This study has been completed.
Sponsor:
Collaborator:
Information provided by:
National Cancer Institute (NCI)
ClinicalTrials.gov Identifier:
NCT00062283
First received: June 5, 2003
Last updated: June 25, 2013
Last verified: December 2009
  Purpose

RATIONALE: Drugs used in chemotherapy such as alanosine use different ways to stop tumor cells from dividing so they stop growing or die.

PURPOSE: This phase II trial is studying how well alanosine works in treating patients with soft tissue sarcoma, sarcoma of the bone, mesothelioma, non-small cell lung cancer, or pancreatic cancer.

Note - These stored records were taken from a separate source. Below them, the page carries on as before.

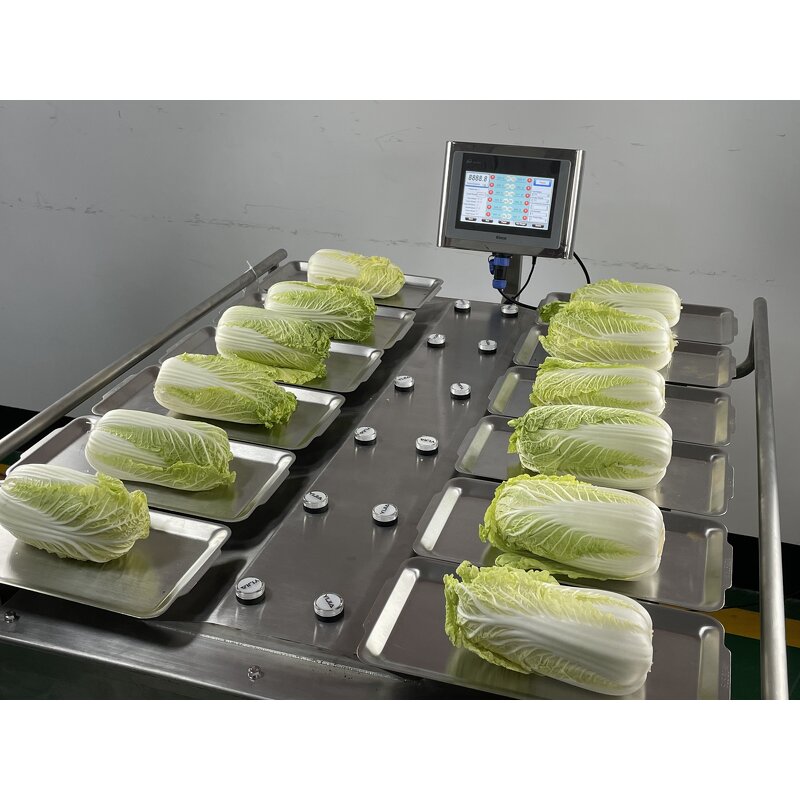 Combination Weigher Factory - Manual for Fruits Grape Tomato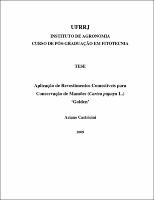 2009 - Ariane Castricini.pdf.jpg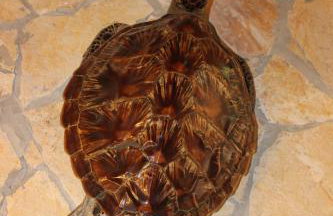 Apartment Lucky with Jacuzzi - Photo 74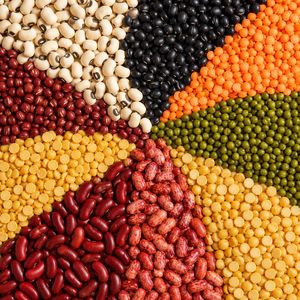 Dal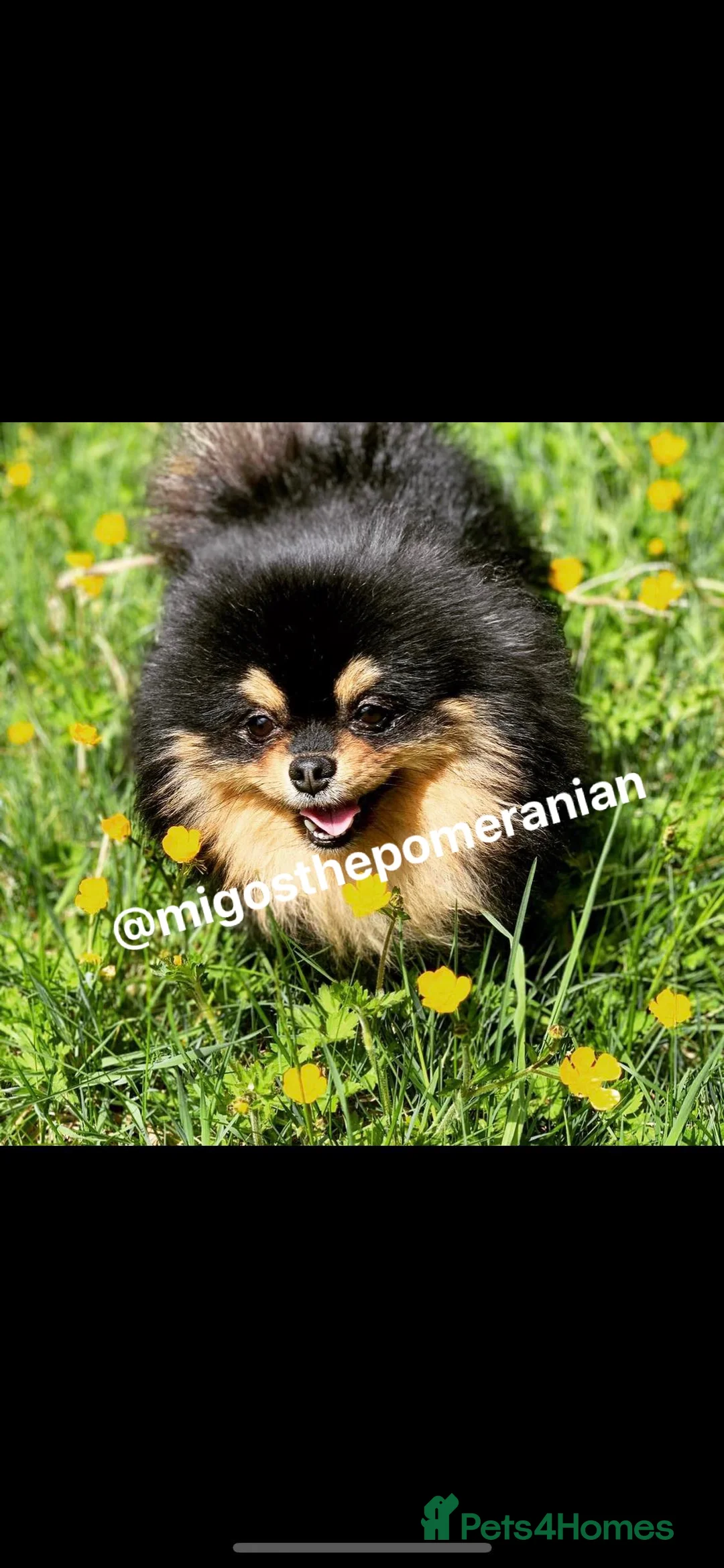 Pomeranian dogs for stud: Sunning Proven KC Black and Tan Pomeranian Stud in Ebbw Vale - Advert 10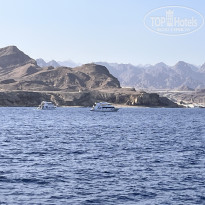 фото из отзыва ID 2727907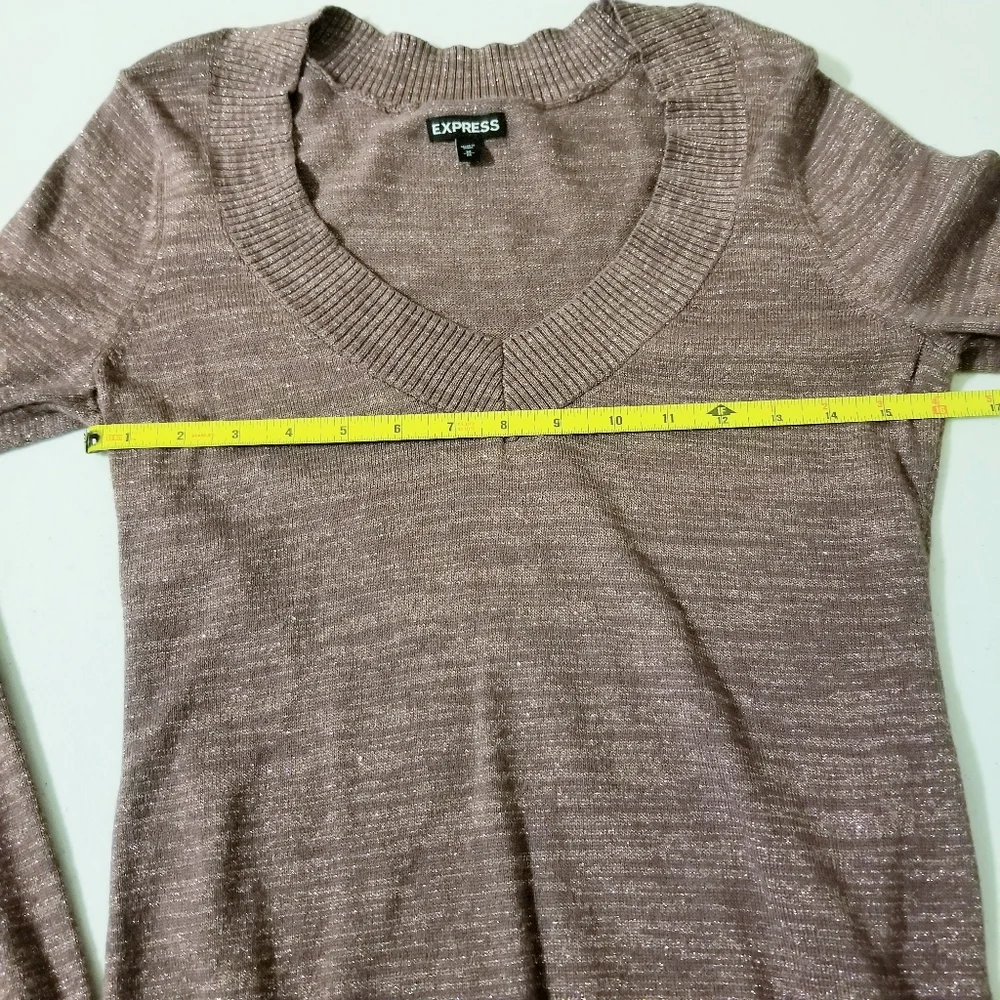 Express Pink Mauve Shimmer Vneck Longsleeve Banded Blouse Medium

Condition Intervention Phase
Lung Cancer
Malignant Mesothelioma
Pancreatic Cancer
Sarcoma
Drug: L-alanosine
Phase 2

Study Type: Interventional
Study Design: Masking: Open Label
Primary Purpose: Treatment
Official Title: A Phase II, Open-Label, Non-Randomized, Multicenter, Single Agent Study of Intravenous SDX-102 for the Treatment of Patients With MTAP-Deficient Cancer

Resource links provided by NLM:


Further study details as provided by National Cancer Institute (NCI):

Study Start Date: March 2003
Study Completion Date: December 2009
Primary Completion Date: December 2005 (Final data collection date for primary outcome measure)
Detailed Description:

OBJECTIVES:

  • Determine the response rates in patients with methylthioadenosine phosphorylase (MTAP)-deficient cancer when treated with alanosine.
  • Determine the time to response and duration of response in patients treated with this drug.
  • Determine the progression-free survival of patients treated with this drug.
  • Determine the pharmacodynamic activity of this drug in these patients, based on special imaging to measure tumor adenosine triphosphate depletion.
  • Determine the pharmacokinetic activity of this drug in these patients.
  • Determine the safety and tolerability of this drug in these patients.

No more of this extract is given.